Dans cette affaire, la collectivité de Corse avait lancé une procédure de passation d’une délégation de service public de transport maritime de passagers entre l’île et la métropole.
La société « Le Méridionale » dont l’offre n’avait pas été retenue a contesté la décision devant le juge du référé précontractuel, notamment parce que le contenu de son offre avait été divulgué dans la presse, au cours de la procédure.
Le juge des référés du tribunal administratif de Bastia avait rejeté sa demande estimant que la collectivité n’était pas à l’origine de cette divulgation.

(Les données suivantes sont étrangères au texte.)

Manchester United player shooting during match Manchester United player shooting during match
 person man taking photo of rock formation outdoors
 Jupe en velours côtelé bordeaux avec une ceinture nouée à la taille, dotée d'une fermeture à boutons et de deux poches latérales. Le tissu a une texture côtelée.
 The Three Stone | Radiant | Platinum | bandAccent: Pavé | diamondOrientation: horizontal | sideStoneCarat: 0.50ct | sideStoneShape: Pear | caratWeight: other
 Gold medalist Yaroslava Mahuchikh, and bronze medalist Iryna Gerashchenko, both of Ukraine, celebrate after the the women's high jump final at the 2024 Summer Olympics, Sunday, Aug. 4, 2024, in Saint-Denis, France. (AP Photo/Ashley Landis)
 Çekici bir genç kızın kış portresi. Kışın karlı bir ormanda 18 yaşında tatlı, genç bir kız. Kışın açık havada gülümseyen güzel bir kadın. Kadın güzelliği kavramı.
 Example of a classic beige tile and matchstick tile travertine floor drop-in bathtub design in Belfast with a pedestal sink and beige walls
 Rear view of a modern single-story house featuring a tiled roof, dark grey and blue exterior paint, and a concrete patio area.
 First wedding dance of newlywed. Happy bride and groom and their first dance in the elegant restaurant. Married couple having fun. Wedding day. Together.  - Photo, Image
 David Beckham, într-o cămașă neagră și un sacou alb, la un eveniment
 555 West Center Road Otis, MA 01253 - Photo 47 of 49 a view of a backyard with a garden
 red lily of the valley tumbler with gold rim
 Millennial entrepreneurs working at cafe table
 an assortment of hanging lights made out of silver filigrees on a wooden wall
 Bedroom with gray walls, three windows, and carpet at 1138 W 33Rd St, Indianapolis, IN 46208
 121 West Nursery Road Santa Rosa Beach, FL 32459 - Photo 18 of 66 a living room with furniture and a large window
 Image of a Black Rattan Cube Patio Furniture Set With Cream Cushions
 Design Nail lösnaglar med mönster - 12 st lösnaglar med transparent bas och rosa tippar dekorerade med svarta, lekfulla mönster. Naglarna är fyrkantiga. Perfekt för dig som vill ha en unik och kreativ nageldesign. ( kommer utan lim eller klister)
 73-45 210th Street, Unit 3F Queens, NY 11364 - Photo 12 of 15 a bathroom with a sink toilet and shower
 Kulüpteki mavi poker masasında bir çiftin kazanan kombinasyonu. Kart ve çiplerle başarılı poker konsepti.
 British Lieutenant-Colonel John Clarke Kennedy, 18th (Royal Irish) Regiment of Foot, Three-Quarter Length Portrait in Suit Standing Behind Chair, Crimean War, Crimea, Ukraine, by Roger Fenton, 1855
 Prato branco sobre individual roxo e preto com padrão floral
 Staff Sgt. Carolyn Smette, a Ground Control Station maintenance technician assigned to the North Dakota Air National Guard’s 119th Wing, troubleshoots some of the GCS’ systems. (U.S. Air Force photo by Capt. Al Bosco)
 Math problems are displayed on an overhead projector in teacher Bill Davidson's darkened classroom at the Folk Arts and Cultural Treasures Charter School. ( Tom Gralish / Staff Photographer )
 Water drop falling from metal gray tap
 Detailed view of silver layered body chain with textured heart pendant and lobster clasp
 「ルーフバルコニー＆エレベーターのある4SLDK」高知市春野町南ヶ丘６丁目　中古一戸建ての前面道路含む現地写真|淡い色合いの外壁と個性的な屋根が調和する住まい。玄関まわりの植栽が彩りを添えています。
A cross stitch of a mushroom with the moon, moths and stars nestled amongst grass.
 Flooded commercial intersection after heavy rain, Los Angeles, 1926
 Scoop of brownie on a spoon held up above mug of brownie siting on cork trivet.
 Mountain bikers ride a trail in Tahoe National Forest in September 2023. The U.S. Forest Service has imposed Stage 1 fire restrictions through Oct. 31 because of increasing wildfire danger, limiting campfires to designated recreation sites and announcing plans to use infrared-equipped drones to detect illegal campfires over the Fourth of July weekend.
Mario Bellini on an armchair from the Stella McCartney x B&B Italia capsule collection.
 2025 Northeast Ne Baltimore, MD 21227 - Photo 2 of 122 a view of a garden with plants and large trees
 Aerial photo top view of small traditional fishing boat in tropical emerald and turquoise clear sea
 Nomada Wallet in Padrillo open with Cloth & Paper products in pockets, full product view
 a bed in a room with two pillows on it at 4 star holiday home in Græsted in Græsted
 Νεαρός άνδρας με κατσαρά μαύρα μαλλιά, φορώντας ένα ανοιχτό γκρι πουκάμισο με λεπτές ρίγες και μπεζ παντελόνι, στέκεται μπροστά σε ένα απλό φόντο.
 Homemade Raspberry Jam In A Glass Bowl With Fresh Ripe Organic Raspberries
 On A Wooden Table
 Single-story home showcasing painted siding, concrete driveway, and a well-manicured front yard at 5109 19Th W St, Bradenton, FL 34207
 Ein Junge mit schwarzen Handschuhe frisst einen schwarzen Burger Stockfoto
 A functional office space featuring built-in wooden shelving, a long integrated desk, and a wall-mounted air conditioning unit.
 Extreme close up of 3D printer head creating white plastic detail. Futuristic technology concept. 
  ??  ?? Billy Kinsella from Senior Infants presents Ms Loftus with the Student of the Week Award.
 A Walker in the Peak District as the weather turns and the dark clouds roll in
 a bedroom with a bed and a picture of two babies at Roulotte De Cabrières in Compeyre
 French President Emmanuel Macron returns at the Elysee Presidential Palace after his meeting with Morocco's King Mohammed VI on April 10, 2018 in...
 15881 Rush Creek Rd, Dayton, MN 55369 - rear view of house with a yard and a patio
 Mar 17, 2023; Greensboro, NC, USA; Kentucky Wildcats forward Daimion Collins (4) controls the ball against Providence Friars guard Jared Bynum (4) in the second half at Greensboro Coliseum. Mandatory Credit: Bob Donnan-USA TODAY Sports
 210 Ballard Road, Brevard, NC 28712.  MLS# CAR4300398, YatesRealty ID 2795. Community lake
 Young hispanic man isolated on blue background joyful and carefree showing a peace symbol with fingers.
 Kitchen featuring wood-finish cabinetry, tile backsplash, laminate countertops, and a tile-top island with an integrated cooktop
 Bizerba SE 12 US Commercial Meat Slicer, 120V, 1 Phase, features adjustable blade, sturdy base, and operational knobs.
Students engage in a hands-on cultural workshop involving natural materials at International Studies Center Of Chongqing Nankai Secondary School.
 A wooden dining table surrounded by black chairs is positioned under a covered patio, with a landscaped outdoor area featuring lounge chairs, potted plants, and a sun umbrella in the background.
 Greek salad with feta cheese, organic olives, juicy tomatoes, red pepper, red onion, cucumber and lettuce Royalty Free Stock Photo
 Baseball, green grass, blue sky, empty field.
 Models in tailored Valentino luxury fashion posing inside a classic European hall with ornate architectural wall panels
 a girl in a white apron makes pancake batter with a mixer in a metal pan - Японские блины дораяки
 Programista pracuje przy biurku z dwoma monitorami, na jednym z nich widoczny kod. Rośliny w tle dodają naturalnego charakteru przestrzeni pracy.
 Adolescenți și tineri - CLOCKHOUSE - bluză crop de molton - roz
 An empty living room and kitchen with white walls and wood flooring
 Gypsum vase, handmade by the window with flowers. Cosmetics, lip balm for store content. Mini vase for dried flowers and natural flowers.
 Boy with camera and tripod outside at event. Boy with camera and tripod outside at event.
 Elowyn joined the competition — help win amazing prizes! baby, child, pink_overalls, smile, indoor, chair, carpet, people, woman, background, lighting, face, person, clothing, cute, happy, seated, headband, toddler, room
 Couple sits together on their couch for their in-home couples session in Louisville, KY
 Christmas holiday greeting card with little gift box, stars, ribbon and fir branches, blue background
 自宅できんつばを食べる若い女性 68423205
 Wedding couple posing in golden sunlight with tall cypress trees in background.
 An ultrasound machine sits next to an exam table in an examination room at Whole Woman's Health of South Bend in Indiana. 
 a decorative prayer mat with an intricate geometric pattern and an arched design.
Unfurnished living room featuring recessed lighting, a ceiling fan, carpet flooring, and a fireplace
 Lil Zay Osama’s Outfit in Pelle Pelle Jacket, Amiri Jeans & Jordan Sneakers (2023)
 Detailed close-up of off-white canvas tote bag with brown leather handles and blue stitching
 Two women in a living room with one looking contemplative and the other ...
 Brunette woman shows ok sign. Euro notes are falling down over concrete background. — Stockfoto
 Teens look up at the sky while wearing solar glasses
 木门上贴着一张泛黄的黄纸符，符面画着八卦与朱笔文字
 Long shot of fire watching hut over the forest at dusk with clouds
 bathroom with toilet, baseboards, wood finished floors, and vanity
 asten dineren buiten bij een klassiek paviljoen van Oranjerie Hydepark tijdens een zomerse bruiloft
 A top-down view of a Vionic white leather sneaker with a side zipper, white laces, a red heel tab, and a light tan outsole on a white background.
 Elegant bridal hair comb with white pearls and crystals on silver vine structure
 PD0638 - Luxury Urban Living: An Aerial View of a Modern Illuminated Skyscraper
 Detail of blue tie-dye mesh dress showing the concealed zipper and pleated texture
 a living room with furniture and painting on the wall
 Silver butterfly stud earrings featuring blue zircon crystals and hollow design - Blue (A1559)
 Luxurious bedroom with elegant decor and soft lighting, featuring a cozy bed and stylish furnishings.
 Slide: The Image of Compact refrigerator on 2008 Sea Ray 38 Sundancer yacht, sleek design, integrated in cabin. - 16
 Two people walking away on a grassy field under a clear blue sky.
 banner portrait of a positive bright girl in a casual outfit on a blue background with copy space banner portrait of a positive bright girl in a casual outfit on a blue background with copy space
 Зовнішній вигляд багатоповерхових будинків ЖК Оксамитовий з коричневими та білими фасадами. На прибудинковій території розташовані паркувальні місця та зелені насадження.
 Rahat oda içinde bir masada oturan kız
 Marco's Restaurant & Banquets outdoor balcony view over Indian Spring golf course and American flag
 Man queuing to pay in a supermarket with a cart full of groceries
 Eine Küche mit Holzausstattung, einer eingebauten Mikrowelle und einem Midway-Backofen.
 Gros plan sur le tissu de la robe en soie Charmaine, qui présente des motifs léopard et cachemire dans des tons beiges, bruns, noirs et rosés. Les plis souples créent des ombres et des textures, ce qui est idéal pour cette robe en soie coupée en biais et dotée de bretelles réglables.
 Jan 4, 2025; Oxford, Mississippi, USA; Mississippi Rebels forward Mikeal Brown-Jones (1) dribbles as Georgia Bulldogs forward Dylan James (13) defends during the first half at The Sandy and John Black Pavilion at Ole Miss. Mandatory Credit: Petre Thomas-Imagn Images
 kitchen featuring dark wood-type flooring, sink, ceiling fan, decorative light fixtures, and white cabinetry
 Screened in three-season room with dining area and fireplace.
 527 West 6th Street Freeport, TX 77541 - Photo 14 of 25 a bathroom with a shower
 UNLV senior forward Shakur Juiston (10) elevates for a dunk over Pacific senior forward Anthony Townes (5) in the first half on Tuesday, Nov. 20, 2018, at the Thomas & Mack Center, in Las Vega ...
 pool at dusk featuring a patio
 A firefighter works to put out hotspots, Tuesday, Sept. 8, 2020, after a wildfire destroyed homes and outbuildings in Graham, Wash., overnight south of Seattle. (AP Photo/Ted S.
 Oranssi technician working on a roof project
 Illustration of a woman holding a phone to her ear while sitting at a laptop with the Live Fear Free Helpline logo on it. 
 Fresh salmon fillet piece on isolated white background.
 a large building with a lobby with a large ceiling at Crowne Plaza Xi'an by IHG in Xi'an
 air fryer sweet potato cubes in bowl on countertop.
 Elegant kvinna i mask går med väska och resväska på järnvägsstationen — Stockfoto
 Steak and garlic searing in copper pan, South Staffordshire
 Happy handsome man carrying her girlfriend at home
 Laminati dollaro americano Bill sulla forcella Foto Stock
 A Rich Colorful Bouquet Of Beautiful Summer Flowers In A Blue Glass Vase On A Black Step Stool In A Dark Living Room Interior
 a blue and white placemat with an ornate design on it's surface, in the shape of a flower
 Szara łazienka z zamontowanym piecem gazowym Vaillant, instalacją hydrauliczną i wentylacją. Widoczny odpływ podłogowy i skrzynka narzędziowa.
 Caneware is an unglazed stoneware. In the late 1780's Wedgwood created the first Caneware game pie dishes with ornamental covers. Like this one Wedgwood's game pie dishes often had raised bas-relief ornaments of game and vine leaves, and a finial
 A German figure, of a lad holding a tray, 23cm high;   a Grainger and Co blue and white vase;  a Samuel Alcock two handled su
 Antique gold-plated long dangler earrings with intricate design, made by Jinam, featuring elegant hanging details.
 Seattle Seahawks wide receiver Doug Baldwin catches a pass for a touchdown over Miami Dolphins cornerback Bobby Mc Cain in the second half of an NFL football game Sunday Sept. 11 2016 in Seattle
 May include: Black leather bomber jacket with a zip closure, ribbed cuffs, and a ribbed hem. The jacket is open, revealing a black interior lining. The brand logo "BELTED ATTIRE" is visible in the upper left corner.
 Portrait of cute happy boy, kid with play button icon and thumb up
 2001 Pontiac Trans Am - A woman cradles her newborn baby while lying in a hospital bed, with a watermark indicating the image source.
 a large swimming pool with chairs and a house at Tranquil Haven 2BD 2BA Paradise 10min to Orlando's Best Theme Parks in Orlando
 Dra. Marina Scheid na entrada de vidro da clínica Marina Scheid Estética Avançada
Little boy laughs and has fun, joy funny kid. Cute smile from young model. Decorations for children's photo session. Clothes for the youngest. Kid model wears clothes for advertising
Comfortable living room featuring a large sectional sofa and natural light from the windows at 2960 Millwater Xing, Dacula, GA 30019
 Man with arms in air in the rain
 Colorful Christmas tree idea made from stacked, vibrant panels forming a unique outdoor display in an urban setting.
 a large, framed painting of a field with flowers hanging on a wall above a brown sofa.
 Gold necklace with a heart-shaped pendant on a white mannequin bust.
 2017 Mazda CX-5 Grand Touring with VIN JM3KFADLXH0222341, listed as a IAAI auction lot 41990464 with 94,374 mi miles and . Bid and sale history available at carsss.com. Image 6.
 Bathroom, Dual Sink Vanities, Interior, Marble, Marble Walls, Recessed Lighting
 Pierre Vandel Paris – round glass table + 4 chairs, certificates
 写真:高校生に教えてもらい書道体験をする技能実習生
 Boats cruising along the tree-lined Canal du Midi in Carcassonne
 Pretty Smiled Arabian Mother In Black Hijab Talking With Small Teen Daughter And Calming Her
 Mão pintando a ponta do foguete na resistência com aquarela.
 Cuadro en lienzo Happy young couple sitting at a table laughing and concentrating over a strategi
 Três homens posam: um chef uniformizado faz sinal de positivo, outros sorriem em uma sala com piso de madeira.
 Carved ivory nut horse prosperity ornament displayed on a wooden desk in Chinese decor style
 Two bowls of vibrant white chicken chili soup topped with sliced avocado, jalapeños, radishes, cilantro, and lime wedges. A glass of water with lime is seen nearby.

L’arrêt du Conseil d’État rappelle en premier lieu qu’une délégation de service public est soumise aux principes généraux du droit de la commande publique qui sont : la liberté d’accès à la commande publique, l’égalité de traitement des candidats et la transparence des procédures
Il ajoute que « pour assurer le respect de ces principes, la personne publique informée, avant la signature d’un contrat, de l’existence d’une irrégularité de procédure affectant le choix du concessionnaire doit s’abstenir de signer le contrat litigieux, alors même qu’elle ne serait pas responsable de cette irrégularité ».
Il juge en conséquence que la personne publique confrontée à une publication dans la presse d’une offre effectuée lors d’une procédure de mise en concurrence, doit « apprécier si cette divulgation peut être regardée comme étant de nature à porter atteinte au principe d’égalité entre les candidats » et que « La seule circonstance qu’une telle divulgation ne soit pas imputable à la personne publique responsable de la procédure de passation ne la dispense pas de cette obligation. »
En l’espèce, le Conseil d’État a considéré que les informations parues dans la presse portaient sur des offres qui étaient déjà éliminées et que la société Le Méridionale n’avait donc pas été lésée.
Rappelons que, selon le Conseil d’Etat, il résulte des dispositions de l’article L. 551-1 du CJA que les personnes habilitées à agir pour mettre fin aux manquements du pouvoir adjudicateur à ses obligations de publicité et de mise en concurrence sont celles susceptibles d’être lésées par de tels manquements (CE, sect., 3 octobre 2008, Syndicat mixte intercommunal de réalisation et de gestion pour l’élimination des ordures ménagères du secteur de la Sarthe, req. n° 305420 : Rec. CE, p. 324 ; Contrats-Marchés pub. 2008, repère 2, F. Llorens et P. Soler-Couteaux ; comm. 264, note 1.-P. Pietri).